- Directions for this task
Only one stretch of the data below is wanted: the lines from the one with "Thumbnail for Analytic" through the one with "WV license plate 1RQ377", repeated exactly.

- Dataset records
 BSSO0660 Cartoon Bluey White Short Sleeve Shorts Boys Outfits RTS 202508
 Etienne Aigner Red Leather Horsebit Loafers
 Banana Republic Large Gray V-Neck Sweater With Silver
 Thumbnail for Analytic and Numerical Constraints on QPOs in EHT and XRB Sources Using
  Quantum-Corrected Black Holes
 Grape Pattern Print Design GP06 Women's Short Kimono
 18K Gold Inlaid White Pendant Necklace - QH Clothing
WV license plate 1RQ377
--
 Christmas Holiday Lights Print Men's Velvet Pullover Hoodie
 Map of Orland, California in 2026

- Output for this task
 Thumbnail for Analytic and Numerical Constraints on QPOs in EHT and XRB Sources Using
  Quantum-Corrected Black Holes
 Grape Pattern Print Design GP06 Women's Short Kimono
 18K Gold Inlaid White Pendant Necklace - QH Clothing
WV license plate 1RQ377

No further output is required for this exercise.